The basic premise seems to be that there is no such thing as Celts, at least not as a single cultural identity. Being Celt, essentially meant that you weren’t Roman. Whilst there are some common linguistic roots that can be identified across Europe, the description Celts is a relatively recent one and in all likelihood would not have been recognised by the various communities around Europe.
What did it mean to be a Celt?
The main impression is one we take directly from the Romans: to be Celtic was to be uncivilised or primitive.
But that didn’t stop the Celts from making the most beautiful jewellery and other goods that were widely traded both across Celtic communities and with Rome itself. The Celt were skilled metal workers, as exemplified by their torcs, metal necklaces worn widely.
They also made beautiful brooches with elaborate pins and clasps.
It remains astonishing how modern the art of the Celts appears to us. The stylised horse remains clearly identifiable and pleasing to our eyes.
The exhibition contained a significant number of burial goods attributed to women suggesting that it was possible for Celtic women to hold power and authority (as well as considerable wealth).

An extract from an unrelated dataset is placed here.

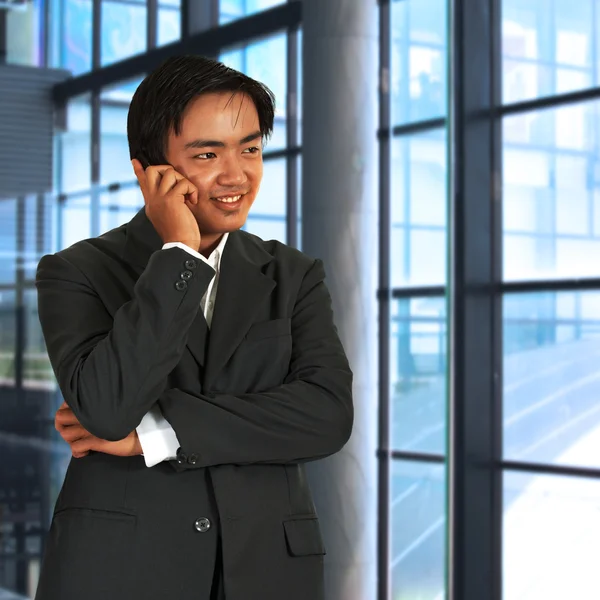 Empresário conversando no telefone — Fotografia de Stock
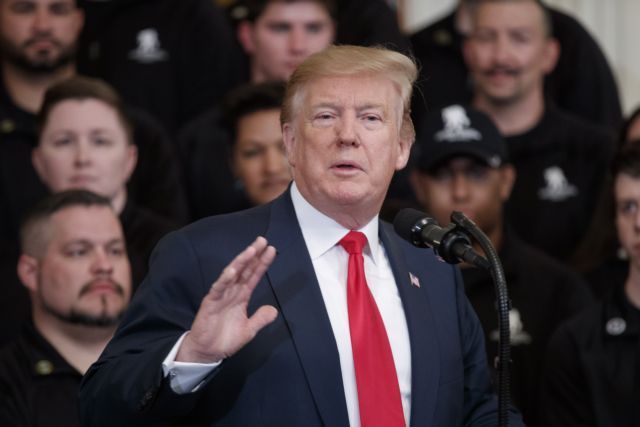 Δεν απαλλάσσει τον Τραμπ το πόρισμα Μάλερ – Για νίκη μιλούν οι δικηγόροι του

But weapons were well represented in the exhibition especially the more robust shields.
There were also some astonishingly beautiful domestic objects such as cauldrons, most probably used for feasts and special occasions.
Some of the bowls and jars were for drinking at feasts, large and small, communal and sharing.

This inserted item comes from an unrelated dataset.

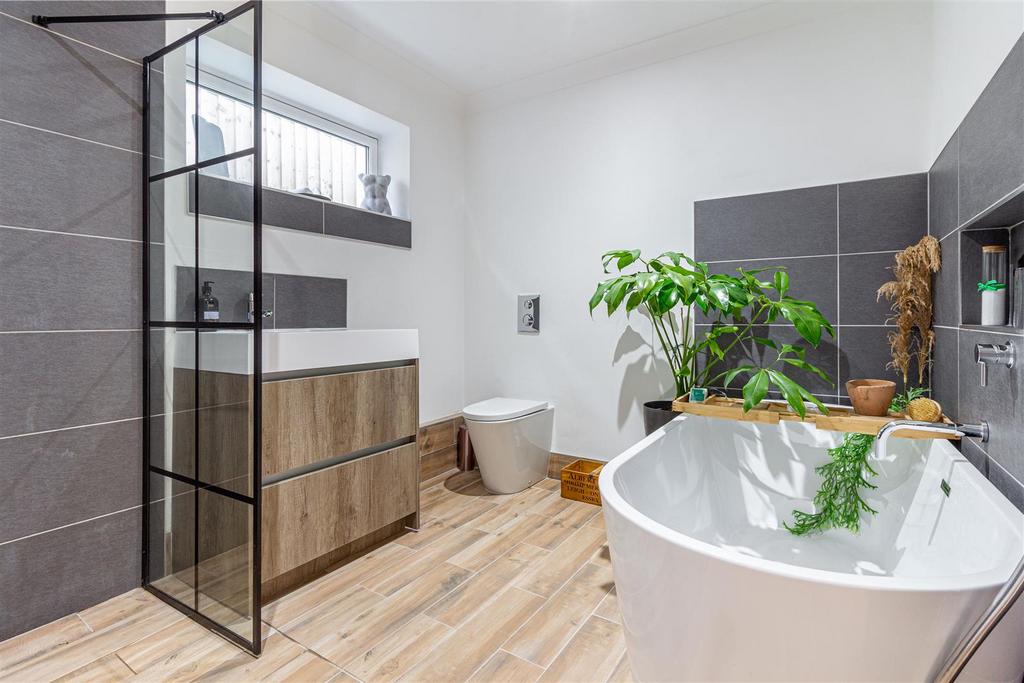 Ensuite-2.jpg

The exhibition also raises the idea that the Celts would offer up precious goods, jewellery, coin, weapons to special, presumably religious sites. Roman commentators describe sites where gold objects were to be easily found yet the locals left them well alone.

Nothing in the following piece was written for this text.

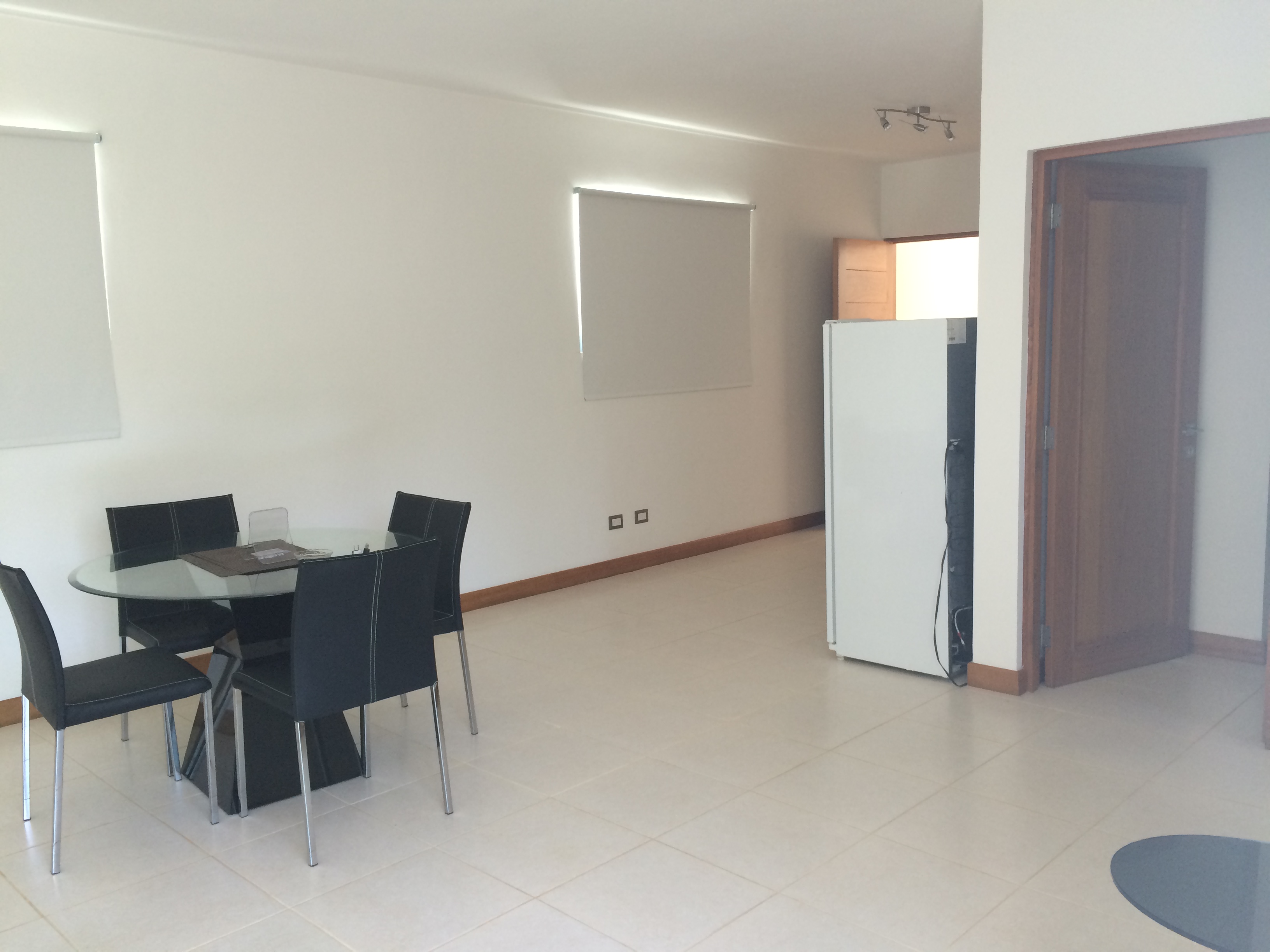 Ocean Rocks apartment H4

It is the detail work that most astounds, whether on a knife, a brooch, or piece of furniture
But whilst the Romans prevailed conquering much of England eventually, the borders were always uneasy with the Scots and the Welsh. And though the Celts were converted to Christianity, the decoration of religious objects such as crosses remained recognisably non-Roman or Celtic.
And even when the object itself has lost it’s purpose such as the plaque below, the decorative detail remains beautiful.
The metalwork decoration on shields, buckles, clasps for brooches or cooking pots is astonishing.
And the detailed artwork in the St Chad Gospels (AD 700-800) shows a clear Celtic influence on the Medieval Period.
But whilst the exhibition’s central premise “no such thing as Celts” is difficult to buy into with such a wealth of treasures on display, the idea that Celtic identify has essentially been reinvented through the years is made simply and clearly.
The re-imaging of celts, warriors and druids, as savages from the New World, or elegant SIdhe fey for the late Victorians is very obvious. You can see the idealisation of the pastoral, the “one-with-nature” trope so commonly found in industrial societies. Our fondness for the idea of Celts may just feed into our fondness for the “noble savage” myth, our rose-coloured spectacles that we take out only for our pre-industrial past.
And it is impossible to deny the impact of “Celtic” art upon the art nouveau.
In the final room, the exhibition gives an example of the continuing reimagining of Celts and their mythology with Cuchulain, a new marvel Comics hero, part of the Guardians of the Galaxy trope.